── DATA BLOCK
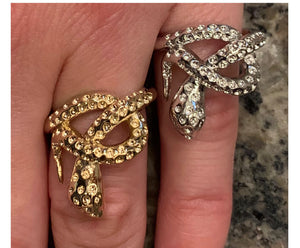 Tangled snake rings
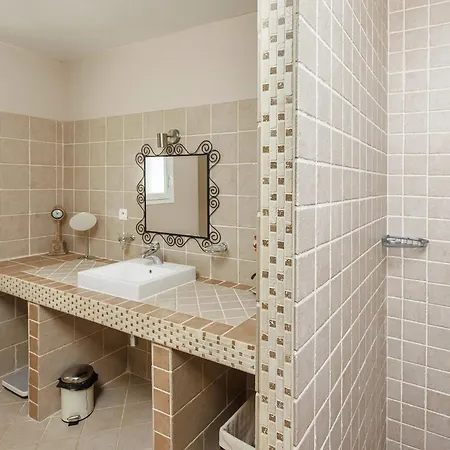 In With Pool & Nearby Villa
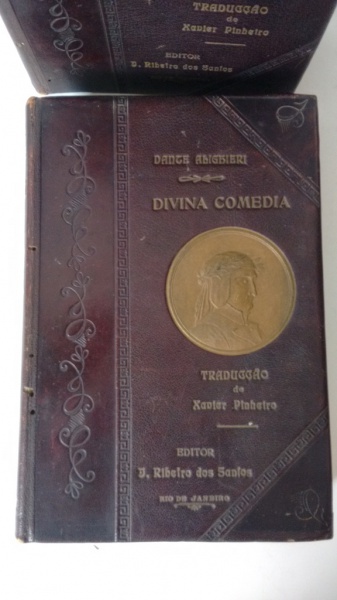 DIVINA COMEDIA - DOIS VOLUMES DE 1918, CAPA EM COURO TENDO AO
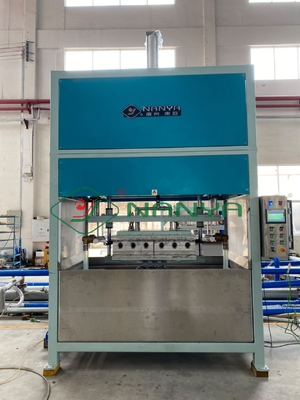 Halfautomatische papierpulp urinale flessenmachine / biologisch afbreekbare urineflessenmachine pulp gieten medische producten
────
» **WHAT NEEDS TO BE DONE**: The expected answer is the listing above, duplicated exactly, with its pictures removed.

» **SOLUTION TO THIS PROBLEM**:
 Tangled snake rings
 In With Pool & Nearby Villa
 DIVINA COMEDIA - DOIS VOLUMES DE 1918, CAPA EM COURO TENDO AO
 Halfautomatische papierpulp urinale flessenmachine / biologisch afbreekbare urineflessenmachine pulp gieten medische producten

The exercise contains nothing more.